Eastern Skies continues the “summon” mechanic introduced in Crimson Siege. Several cards now have a summon ability typically written as “Summon 1″ or “Summon 2.” When this text takes effect, players draw from the summon deck. The summon deck has three types of ghouls – weak, hungry, and deadly. They come into play as minions for the summoning player. When they die, they go back to the bottom of the Summon deck rather than being discarded.
Eastern Skies introduces “Link,” a new text ability. When a card with Link is played in the chain, the link text occurs immediately. So, unlike chain text which resolves in reverse order, a link card is like an instant. It can do damage, target other cards in the chain, or take any of a number of effects. And, because link text happens instantly, there is no ability for other players to disrupt it.

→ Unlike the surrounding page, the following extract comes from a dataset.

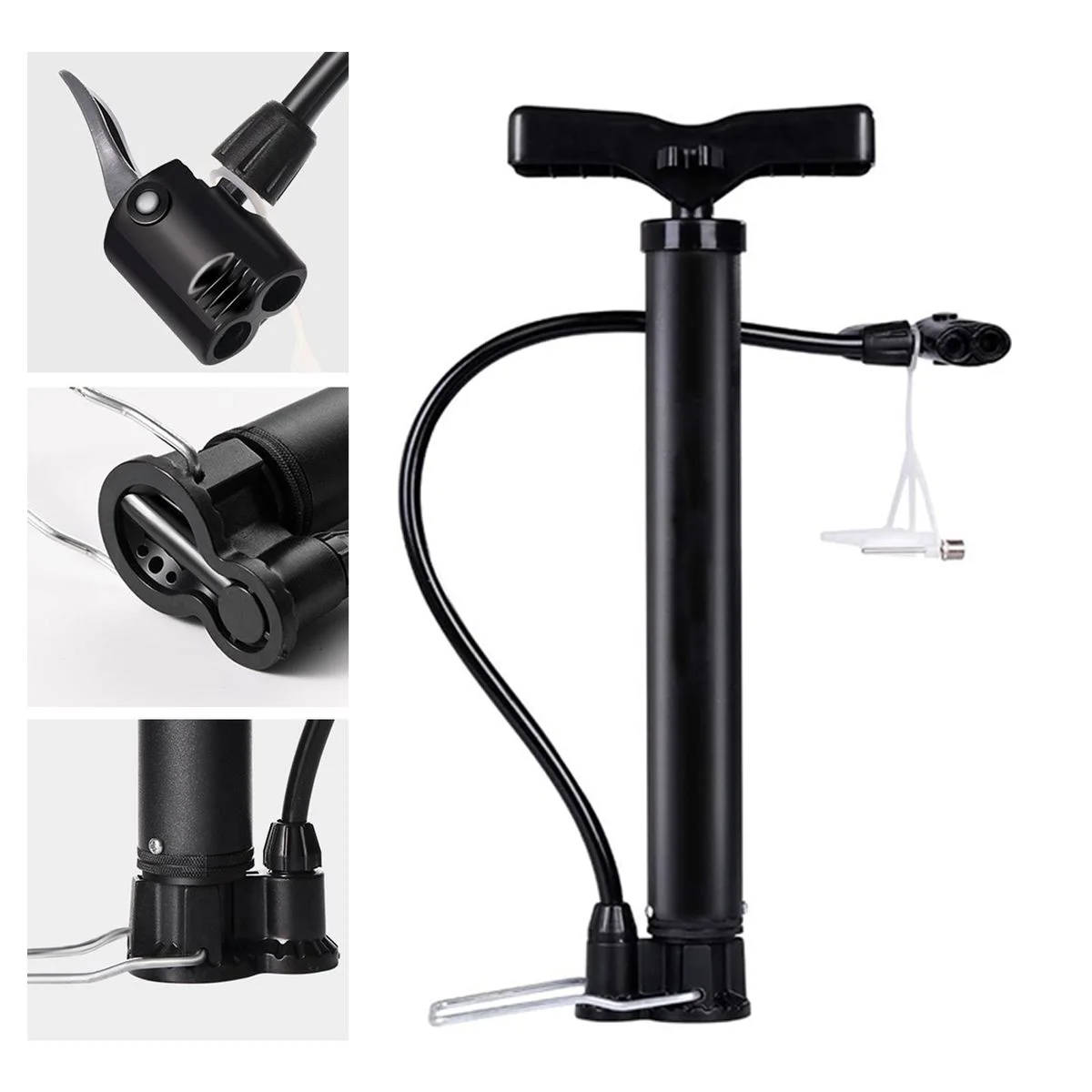 دراجة مضخة نفخ دراجة دواسة نافخة منفاخ لإطارات السيارة T-شكل مقبض مناسبة ل Mtb الطريق السريع دراجة كرة السلة نافخة #2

Finally, as a standalone game, Eastern Skies includes unique starting cards. While the six cards generally follow the theme from Nightfall (Green gets influence, White removes wounds, Yellow is a defender, etc.) they do so in unique ways. The starting cards, unlike from prior versions, are not always best when played early.
The Feel. With the above noted additions, Eastern Skies does a great job of carrying the Nightfall torch. This game remains incredibly aggressive, forcing combat and ensuring that all players take wounds and receive damage. Eastern Skies, like its Nightfall brethren, feels like a high combat, duel to the death between foes.
However, the new additions have some surprising impacts on play. The new starting cards tend to have better effects when played later. The green starter gives influence based on how many minions are in play. Early game, that will be few, but later it could be a ton. Similarly, the Yellow starter attaches to a non-starter minion and turns him into a giant wall. Again, this card works best later after a few good minions have been acquired.
This change really helps to mix up the game a bit. In original Nightfall, the minions all tended to come out early when they would have the most effectiveness. Now, they tend to come out later. So they are used as little surprises rather than being played in the same way every game. It’s an encouraging change and I love the new abilities.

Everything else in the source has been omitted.